391 00:40:13.770 ⇒ 00:40:15.500 Miguel de Veyra: Yeah. 2 am. Our time.
392 00:40:15.880 ⇒ 00:40:16.520 Casie Aviles: Okay.
393 00:40:17.190 ⇒ 00:40:25.910 Amber Lin: Dang okay. Alright. I’m looking at like what’s left in the AI team. There is like.
394 00:40:25.910 ⇒ 00:40:29.499 Miguel de Veyra: I think the bot. Let’s initialize that first.st So it’s done
395 00:40:29.610 ⇒ 00:40:36.260 Miguel de Veyra: the pool parts. It’s just adding, it’s because for some reason my account can’t add bots.
396 00:40:36.790 ⇒ 00:40:37.659 Miguel de Veyra: I don’t know why.
397 00:40:37.930 ⇒ 00:40:39.489 Amber Lin: This, what it is.

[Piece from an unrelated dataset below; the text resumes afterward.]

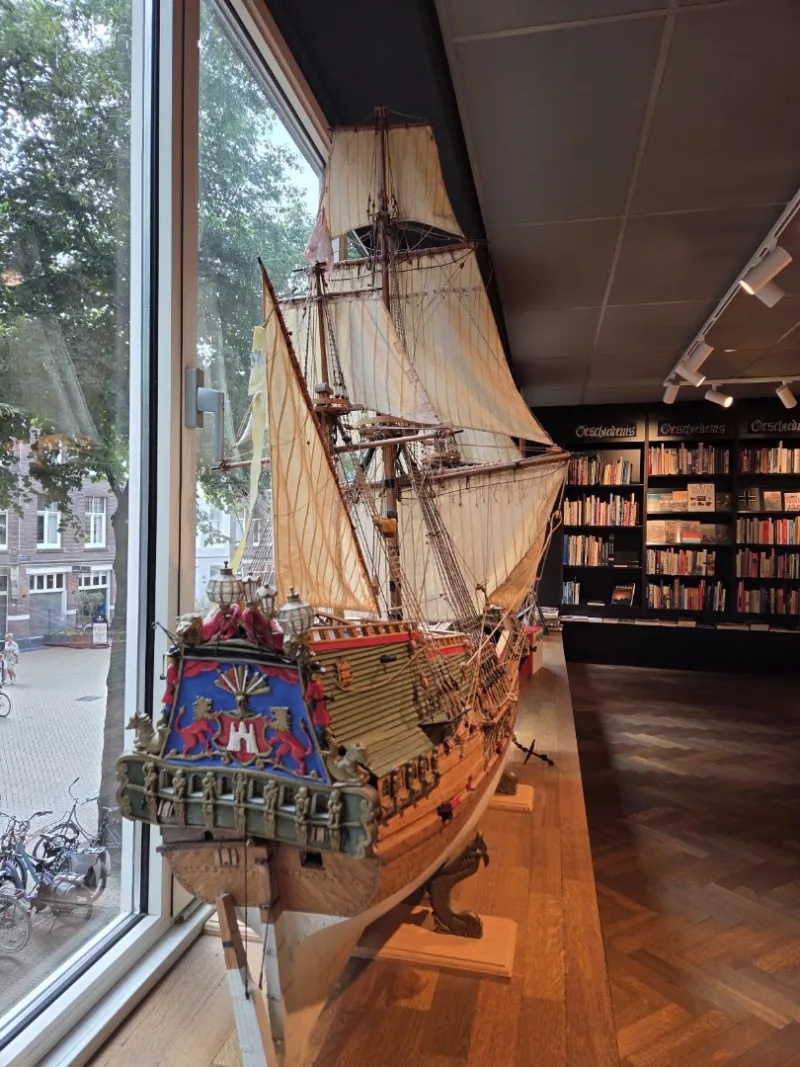 Van der Velde Boeken Groningen A-kerkhof — foto 6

398 00:40:39.650 ⇒ 00:40:44.569 Miguel de Veyra: But I think that one. So we have initialized everything, and then should be good.
399 00:40:45.480 ⇒ 00:40:46.120 Amber Lin: Yeah.

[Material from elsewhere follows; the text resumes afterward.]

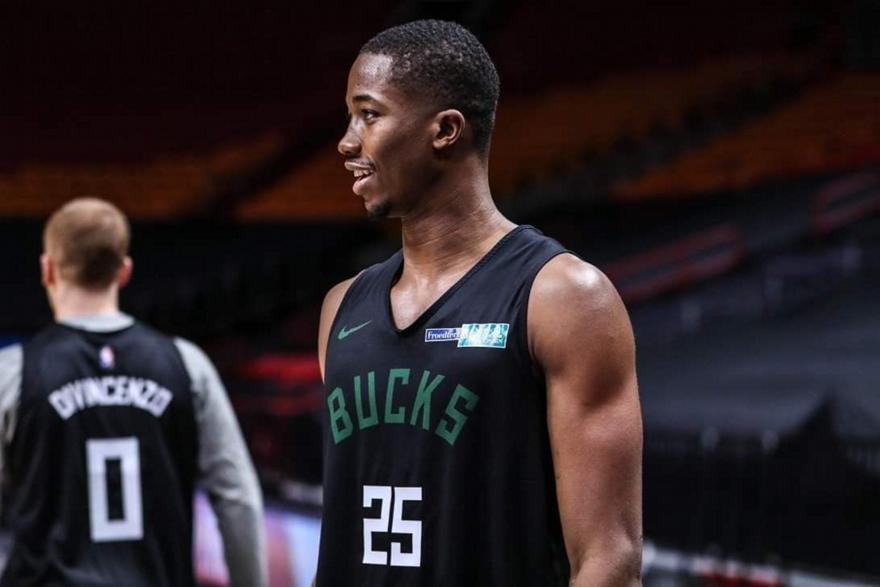 Μπακς: «Έδεσαν» Ντιακιτέ, πήραν και Τζάκσον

400 00:40:46.120 ⇒ 00:40:53.230 Amber Lin: And then there’s like, I am just looking at what’s remaining. So there’s Kyle stuff, and there’s like
401 00:40:53.640 ⇒ 00:41:00.079 Amber Lin: Zoom has to backfill for other client meetings, linear
402 00:41:00.680 ⇒ 00:41:05.390 Amber Lin: to super base, and then adding Github to all agents.
403 00:41:05.390 ⇒ 00:41:06.399 Miguel de Veyra: Yeah, yeah, yeah.

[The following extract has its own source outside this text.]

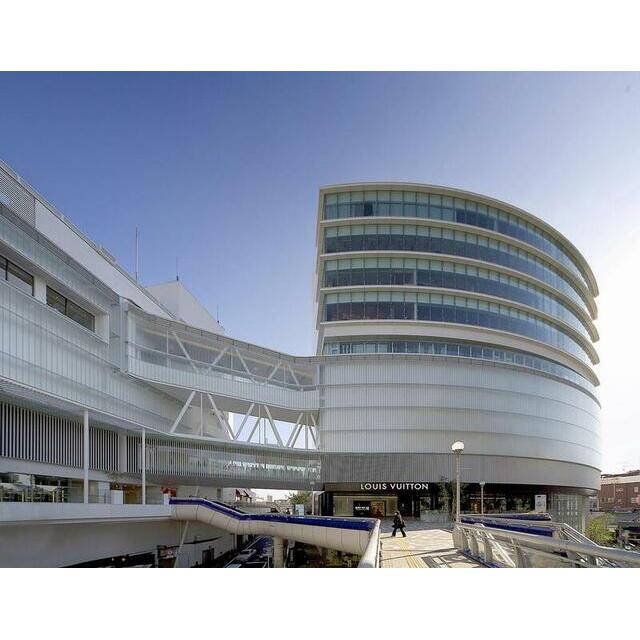 ショッピングセンター　柏高島屋ステーションモール（ショッピングセンター）まで100m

404 00:41:07.010 ⇒ 00:41:13.130 Amber Lin: Like, did you? Were you able to get for Github all of the oh.
405 00:41:13.130 ⇒ 00:41:16.470 Miguel de Veyra: No, no, no, no different focus yesterday and today.
406 00:41:16.470 ⇒ 00:41:18.129 Amber Lin: Okay, that’s okay. That’s okay.
407 00:41:18.130 ⇒ 00:41:25.690 Miguel de Veyra: We can probably do it tomorrow, I think. Depends on if autumn wants to. You know, prioritize the slack thing.
408 00:41:26.170 ⇒ 00:41:31.580 Amber Lin: Hmm, okay, so we’ll talk with them. But right now I think we have a good idea of what’s left.
409 00:41:34.260 ⇒ 00:41:38.769 Amber Lin: Alrighty sounds good. Thank you all for the meeting. Miguel. I’ll see you soon.
410 00:41:39.090 ⇒ 00:41:42.469 Miguel de Veyra: Okay, thanks everyone. Will you be the one sending the call? Or should I.
411 00:41:43.142 ⇒ 00:41:44.510 Amber Lin: I sent it already.
412 00:41:44.750 ⇒ 00:41:45.750 Miguel de Veyra: Let me check.
413 00:41:48.730 ⇒ 00:41:50.759 Amber Lin: In like 20 min or so.
414 00:41:50.760 ⇒ 00:41:51.699 Miguel de Veyra: Oh, okay. Here.
415 00:41:52.220 ⇒ 00:41:54.560 Amber Lin: Alright, hi guys.
416 00:41:54.560 ⇒ 00:41:55.140 Miguel de Veyra: Okay. Thanks.
417 00:41:55.140 ⇒ 00:41:55.540 Casie Aviles: Thank you.
418 00:41:55.540 ⇒ 00:41:56.130 Miguel de Veyra: Bye-bye.